Technologies of obtaining energy, which are based on waves, extract energy directly from surface waves or from pressure fluctuations caused below the surface. Analysts studying renewable energy argue that there is enough energy in the ocean waves in order to produce up to 2 terrawatti of electricity. (A terawatt equals a trillion watts.)
However, wave energy can not be harnessed everywhere. Areas rich in wave power are found on the western coasts of Scotland, northern Canada, southern Africa and Australia and north-east and northwest coast of U.S. . Only in the North West Pacific it is possible that wave energy to produce 40-70 kilowatts (kW) per 1 meter of coast.
Technologies for obtaining energy from waves
Wave energy can be converted into electricity through systems located offshore or onshore.
Offshore systems are situated in deep water, usually showing a depth greater than 40 meters. Are sophisticated mechanisms that use wave motion to produce power for a pump that creates electricity.
Other offshore devices use hoses connected to floats floating on the waves. The rise and fall of the float stretches and relaxes the hose, raising the water pressure which in turn rotates a turbine.

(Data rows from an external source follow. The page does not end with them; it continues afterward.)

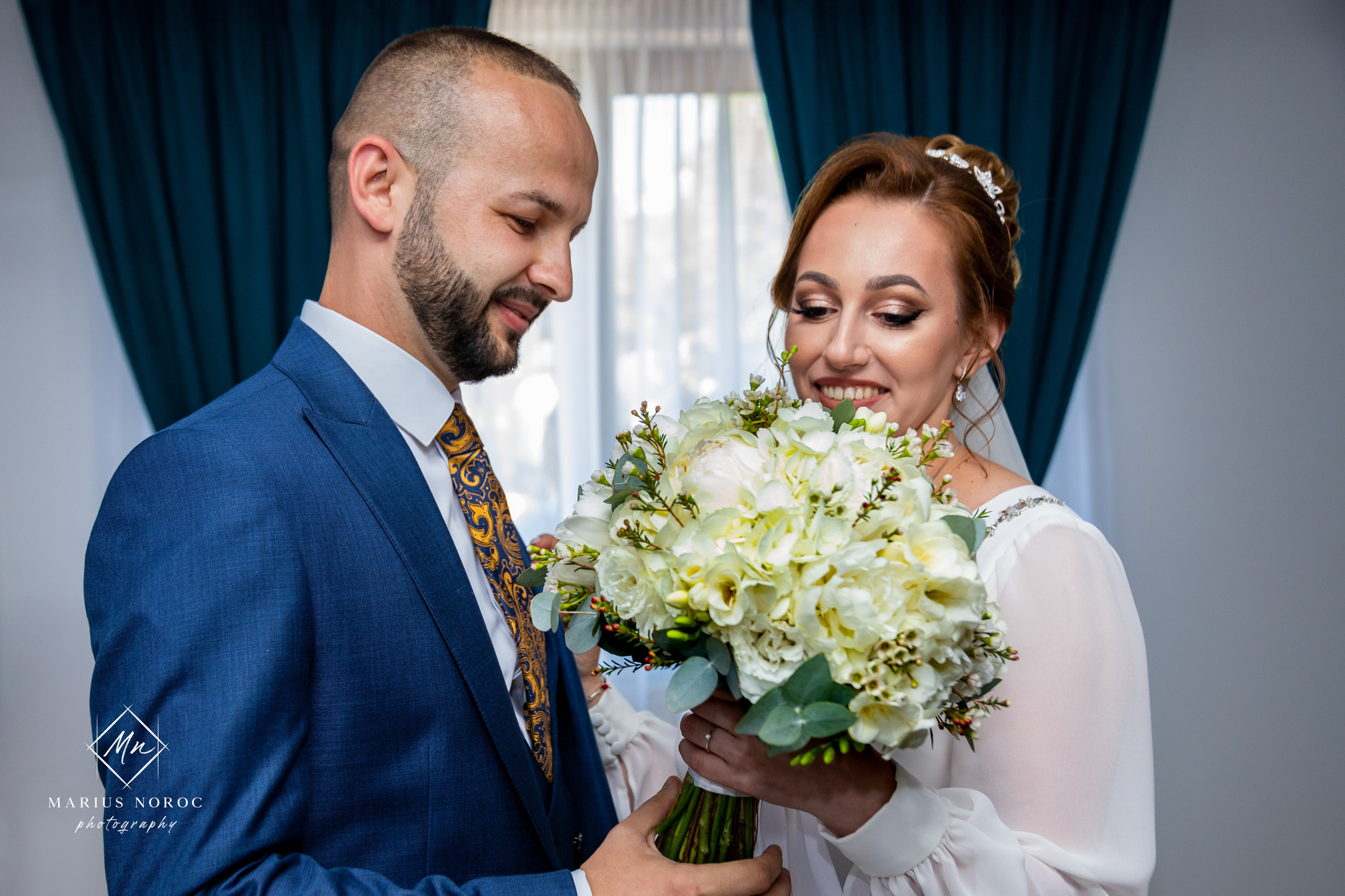 Mihaela & Claudiu | Restaurant Vasyon Baia Suceava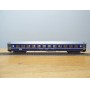 LILIPUT  883 54,  voiture couchettes UIC type Bcm 2 Kl. SBB BO
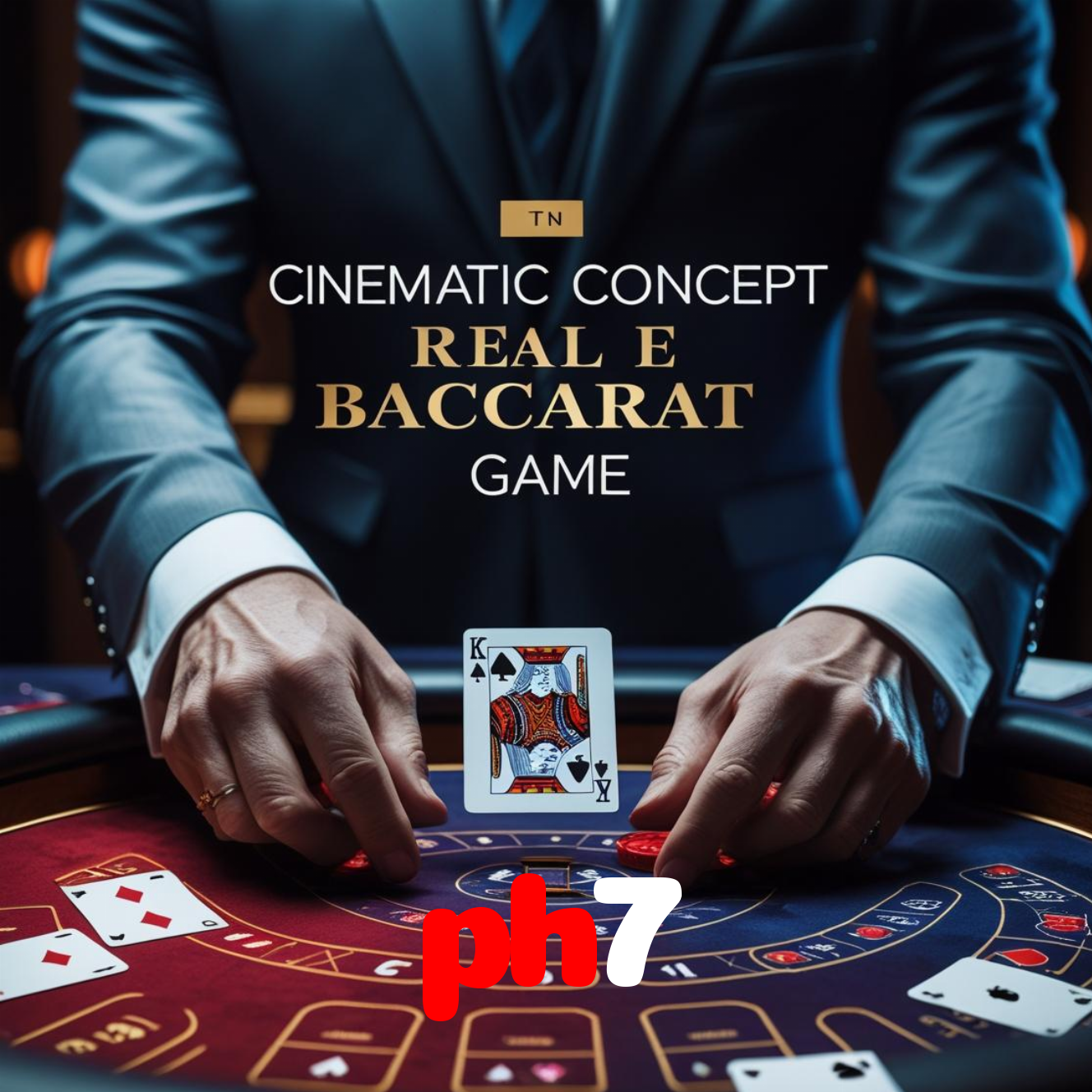 ph7:Seu sucesso está a um clique no cassino online mais seguro!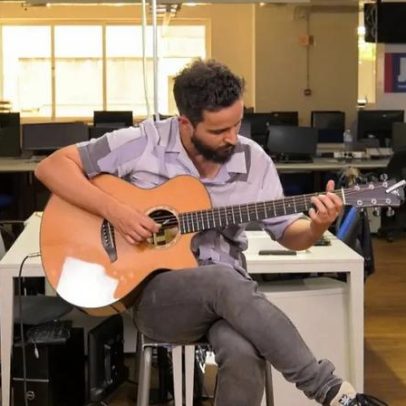 Francisco Rua apresenta-se em Os Dias da Guitarra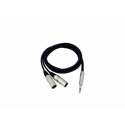 Kabel XXK-15 2XLR-male/Klinke-St.str.1,5m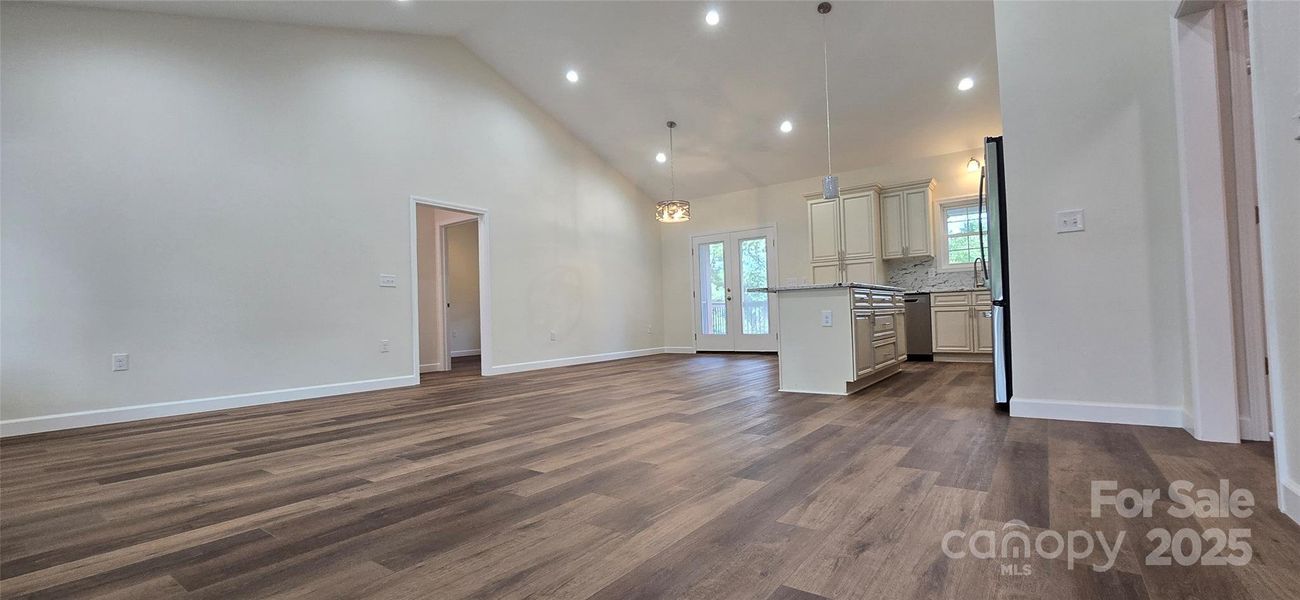 Spacious, unfurnished interior of a new home in , Rutherfordton (Image 27).
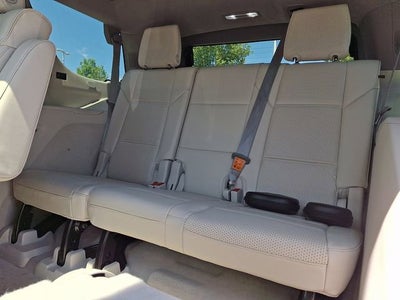 2022 Cadillac Escalade Premium Luxury Platinum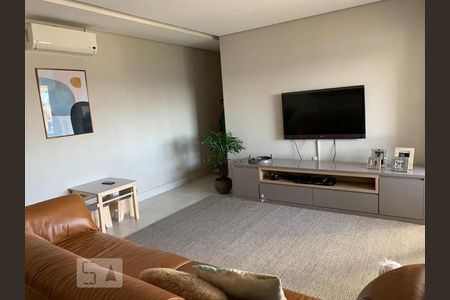 Sala de apartamento à venda com 3 quartos, 94m² em Vila Leopoldina, São Paulo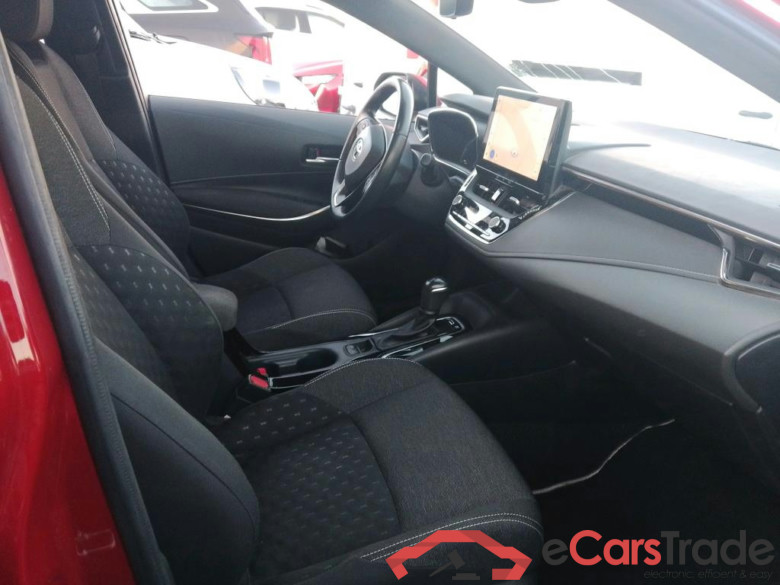 TOYOTA Corolla / 2019 / 5P / familiar 1.8 125H BUSINESS E-CVT TOU SPORT #6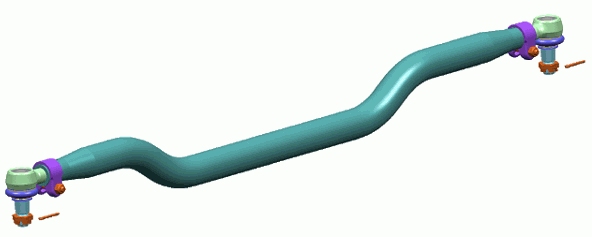 LEMFÖRDER 38416 01 Spurstange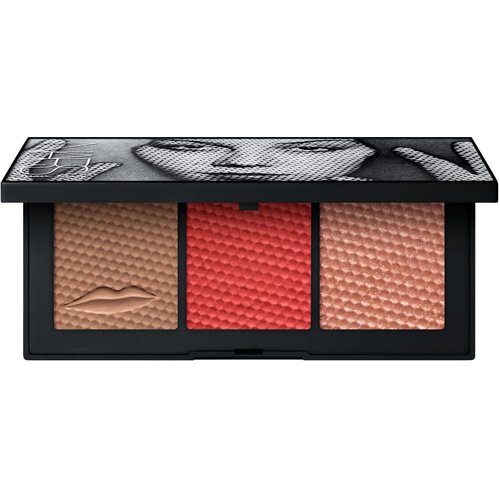 The Veil Face Palette
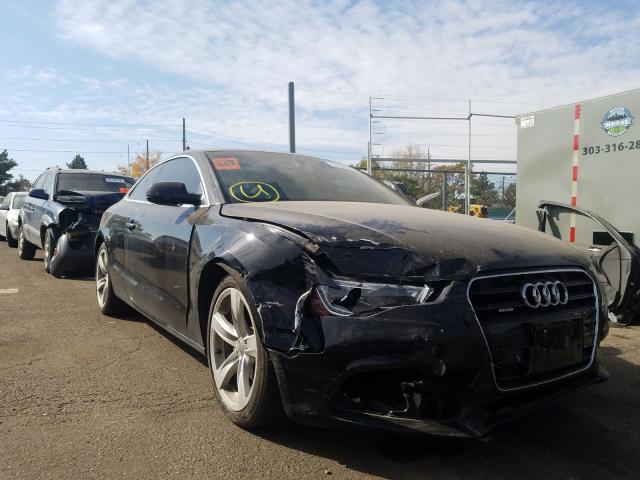 AUDI A5 PREMIUM 2014 waulfafr0ea022683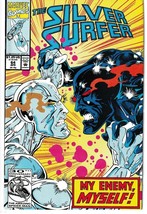 Silver Surfer (1987) #064 (Marvel 1992) - £4.47 GBP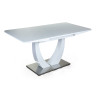 Обеденные столы ADAMS-120 белый фото 2 — New Style of Furniture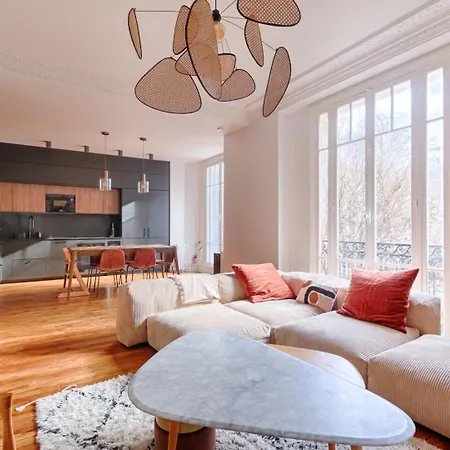 Residor - Beautiful Near Montmartre * Parigi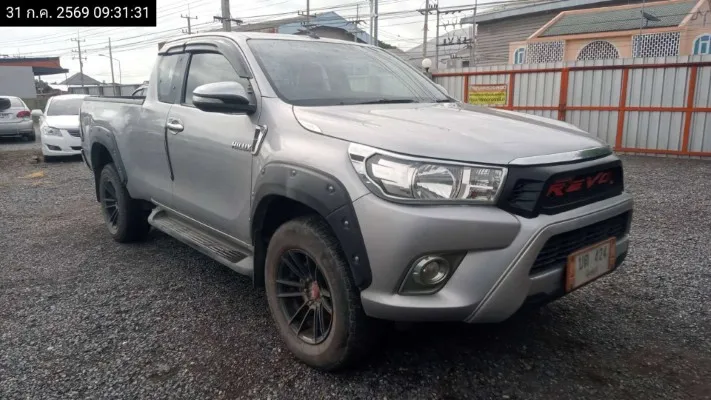 2015 Toyota Hilux Revo – 3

Specially built ships also can capture wave energy offshore. These floating platforms create electricity by passing waves through the internal turbine and then back to the sea.
Built along the banks, onshore systems derive energy from breaking waves. Technological systems located on land include:
Oscillating water columns: oscillating water columns made of partially submerged concrete or steel structures that have an opening to the sea, below the waterline. It includes a column of air above a column of water. When waves enter the air column, they cause the water column lift, then her fall. This alternation compress and depressurize the air column. As the wave retreats, air is drawn back through the turbine as a result of reduced air pressure on the ocean side of the turbine.
Tapchans: or conical channel systems consist of a conic channel leading into a reservoir built on the rocks above sea level. Channel narrowing cause waves to grow in height while moving toward the face of a cliff. Waves flood the channel walls in the tank and the stored water is passed through a turbine.
These devices consist of a rectangular box that is open to the sea at one end. A hinged piece is placed in the opening and wave action cause the flap to swing back and forth. This movement powers a hydraulic pump and a generator.
Although the potential of technologies that use ocean energy is considered to be very high, there are no clear studies, to date, to determine an accurate assessment of resources. Instead, the world is funding several projects based on obtaining and using resources from the energy generated by ocean water.